TASK.
What are the lines, word for word, from the line with "Jonny Brownlee wins ITU World Title" up to and including the line with "Condo Suite D" in the records below? Omit the pictures.

INPUT MATERIAL.
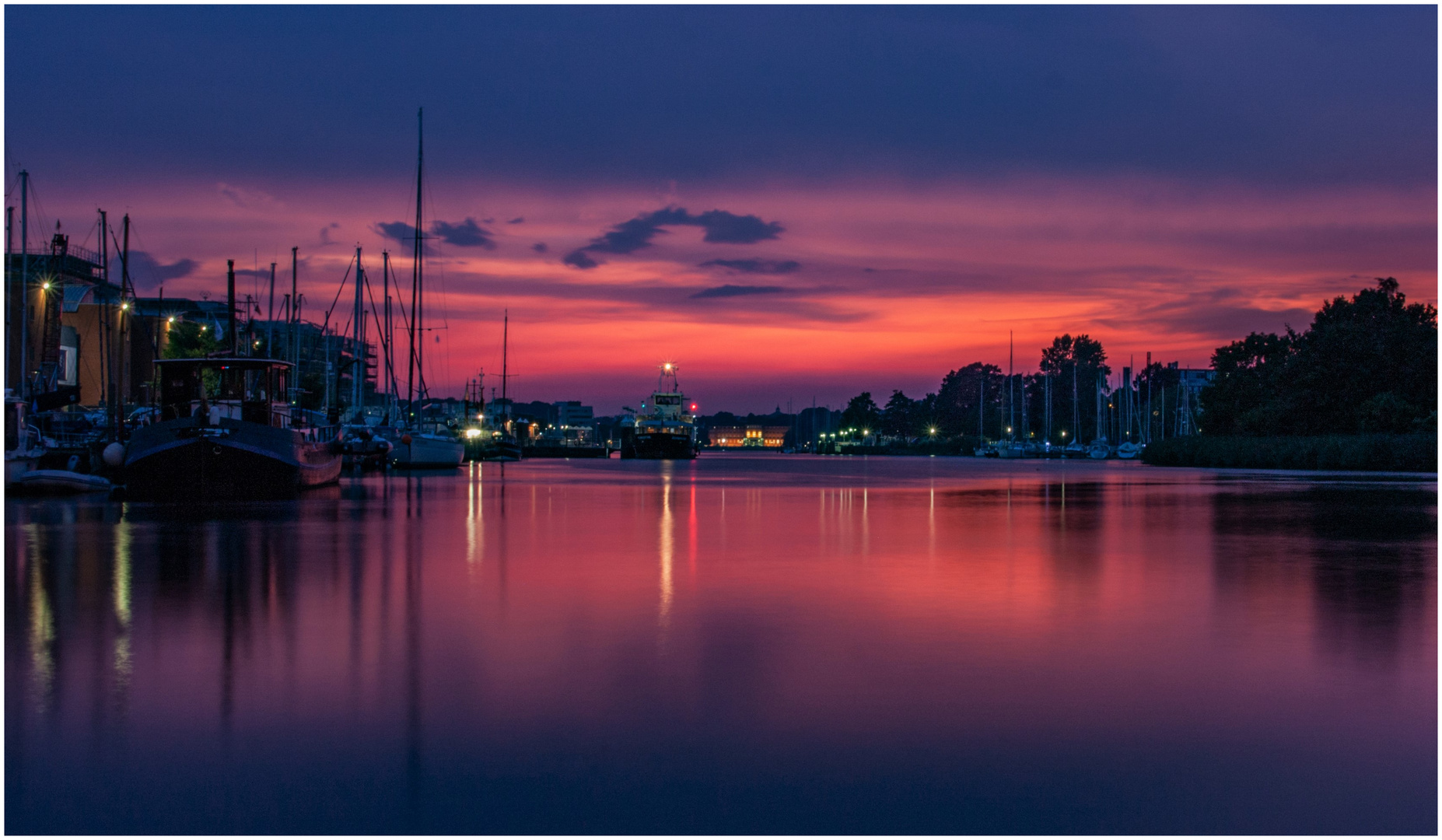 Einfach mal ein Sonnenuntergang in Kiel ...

* * *

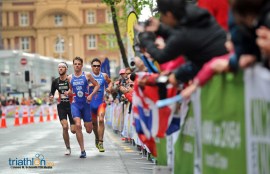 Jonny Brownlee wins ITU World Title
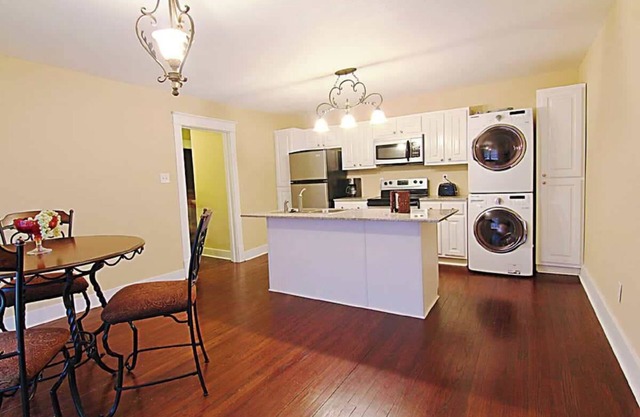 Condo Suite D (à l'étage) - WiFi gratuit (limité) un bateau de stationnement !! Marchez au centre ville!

EXPECTED OUTPUT.
 Jonny Brownlee wins ITU World Title
 Condo Suite D (à l'étage) - WiFi gratuit (limité) un bateau de stationnement !! Marchez au centre ville!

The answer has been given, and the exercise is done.